I must be _The Most Inept_ person at searching for things. I Googled and Yahooed trying to find a place to buy "sisal fabric" so I could recover my cats' favorite scratching post. The fabric is so "combed" I doubt they have anything to really catch their claws into. I don't need an entirely new post, I just need the fabric (no rope) so I can recover the existing one.
Heck, I've tried "sisal fabric scratch post", "sisal carpet scratch post" and various other descriptors. I'm pretty sure I bought it at PetCo, but I cannot find it on their website.

I feel like a dunce, I just can't find it anywhere. Can anyone take pity on me and help a gal out?


*PSA* (Public Service Announcement)
...when in doubt, go look for a manufacturers label on your current product...I still can't find a supply for the sisal fabric. I may ask at a JoAnn's, Michael's or Hobby Lobby.
http://www.esmartcat.com/shopping/Ultim ... g_Post.htm


----------



## marie73 (Jul 12, 2006)

I'm not sure if this would help. I did find places that sold sisal fabric, but they were all in China.
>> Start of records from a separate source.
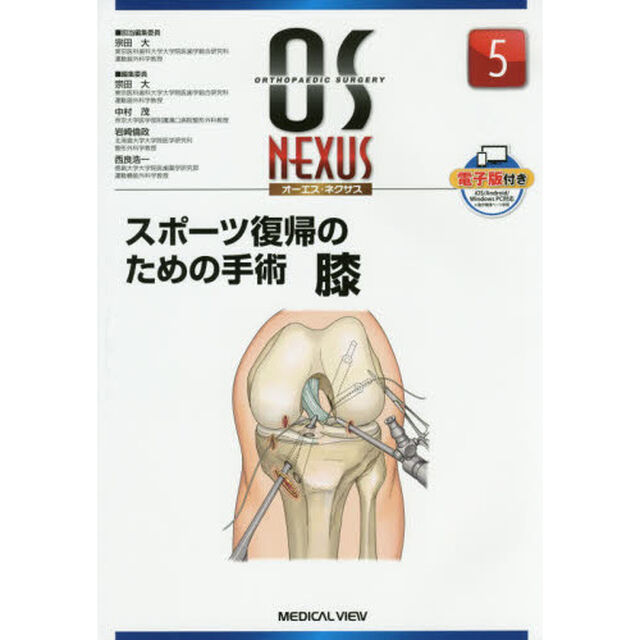 スポーツ復帰のための手術　膝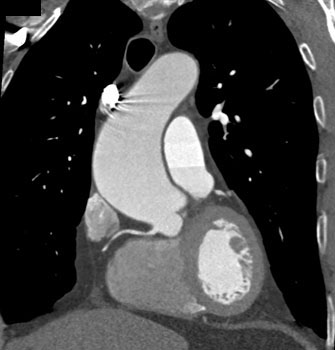 cardiac 64 mdct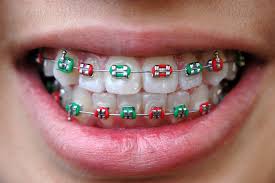 One of our bestsellers in port dickson! Dental Braces Specialists Malaysian National Specialist Register
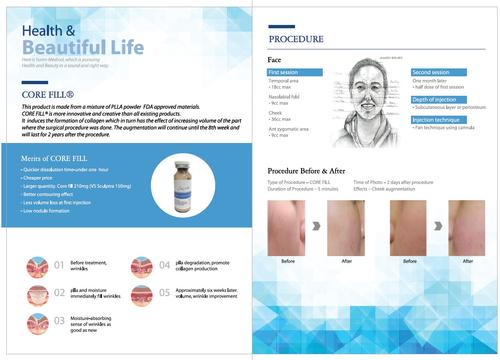 Corefill
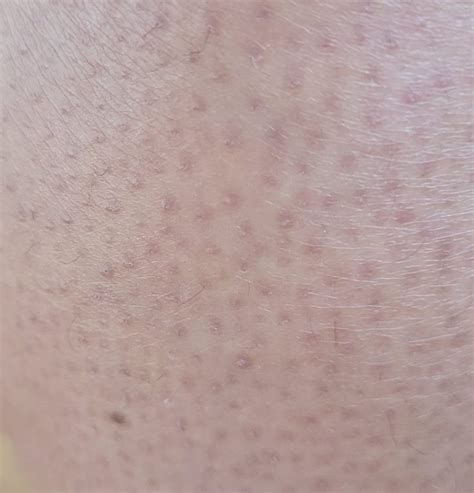 Keratosis Pilaris: What is it, and Can it be Treated? - Dr Nathan Holt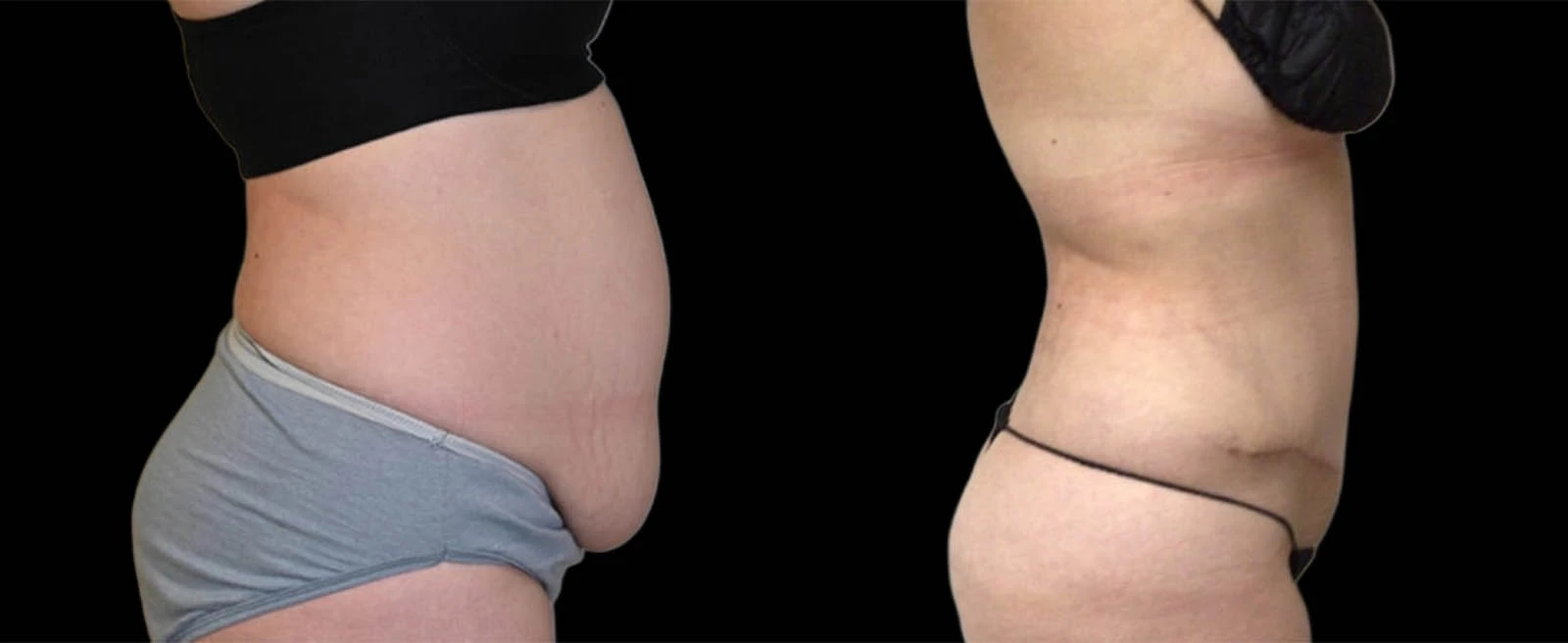 Right lateral view of torso before and after body contouring treatment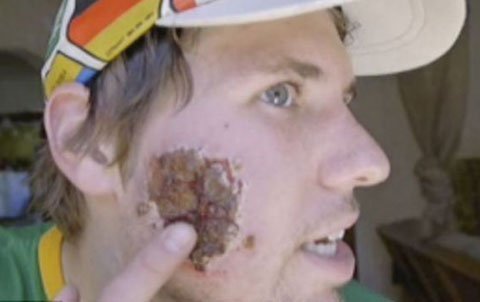 Bệnh lạ: 'Quái vật' chuyên ăn ruỗng mặt người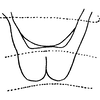 Abdomen, sternal apodemes, ventral view on Dziwneono olszewskii Dworakowska, 1972: Abdomen, sternal apodemes, ventral view. (Observation).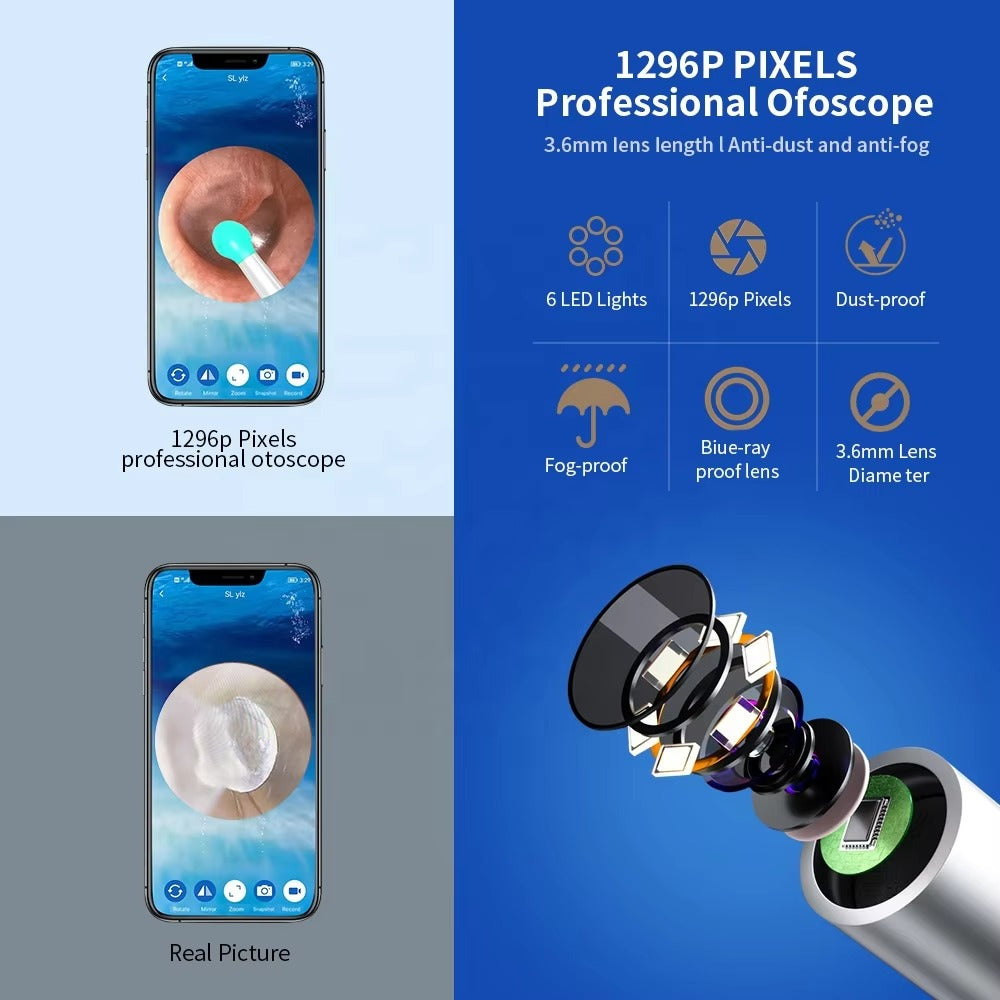 š¦»OtoCare Pro⢠Smart Visual Ear Wax Cleaner with HD Camera, Waterproof, Wireless Ear Scope, LED Lights ā Compatible with Android & iOS ā
| Money-Back Guaranteešø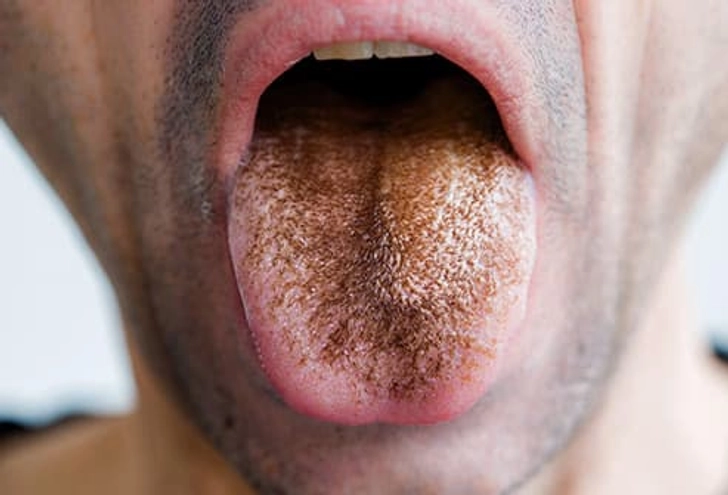 Close-up of a tongue with elongated, hair-like papillae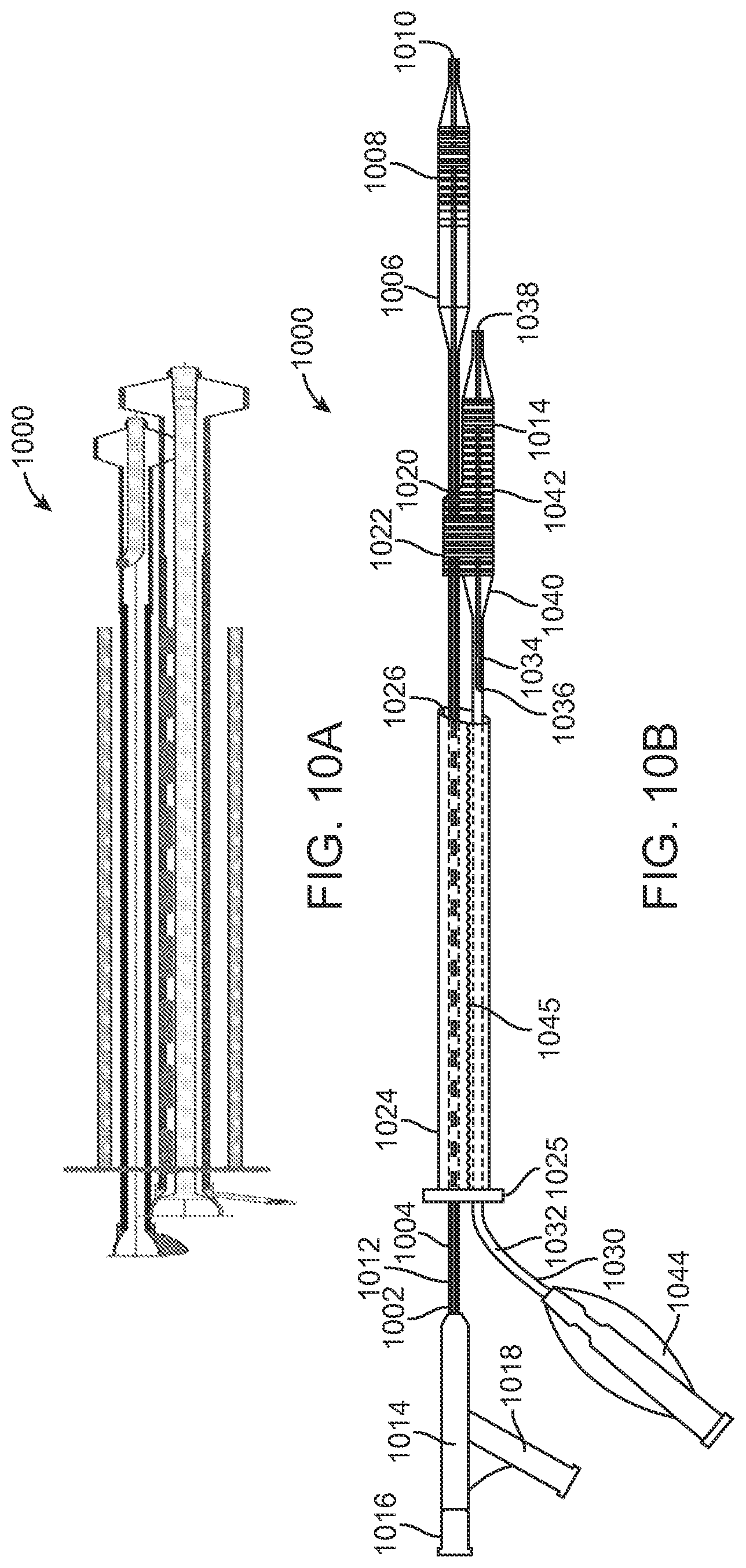 Patent US12324756 Figure 10 – System and methods for treating a bifurcation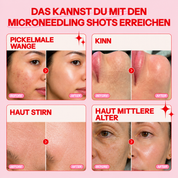 Bio-Microneedling | Needless Shot Soft (+ gratis Milky Toner!)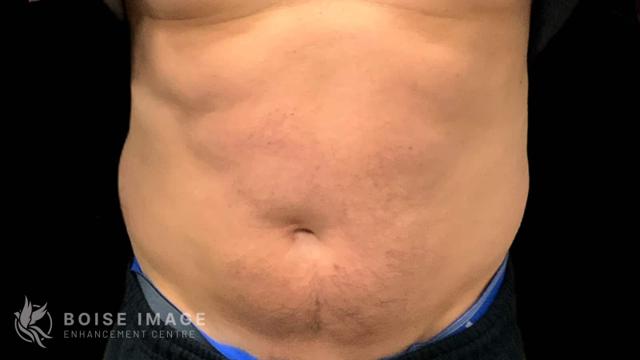 Liposuction after at Boise Image Enhancement Center, Inc in Boise, ID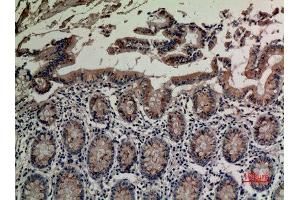 Immunohistochemistry (IHC) analysis of paraffin-embedded Human Colon, antibody was diluted at 1:100. (TRPV3 anticorps  (Internal Region))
http://www.joann.com/joann/search/searc ... tid=384272

Maybe this?

http://www.sisalcarpet.com/index.php


----------



## Heidi n Q (Nov 22, 2006)

Marie, I think I :luv you! That "robert allen' fabric from JoAnn's looks exactly like what is on the post! ...AND... I have a JoAnn's GIFT CARD to use online!
:luv :luv :luv


I wanted to add...I did send an email to the scratch-post people and am awaiting a reply. I also have a phone # I can call tomorrow. 
Immediate plan is to dismantle the top/bottom of the post to see if I can switch the base and cap so the scratch part will be turned upside-down and the combed part is at the bottom and the fresh part is at the top.
h


----------



## marie73 (Jul 12, 2006)

Yay! My work here is done.


----------



## Heidi n Q (Nov 22, 2006)

Thank you. I really thought I was going nutzo being unable to find it. _I'm tired and need to get to bed..._


----------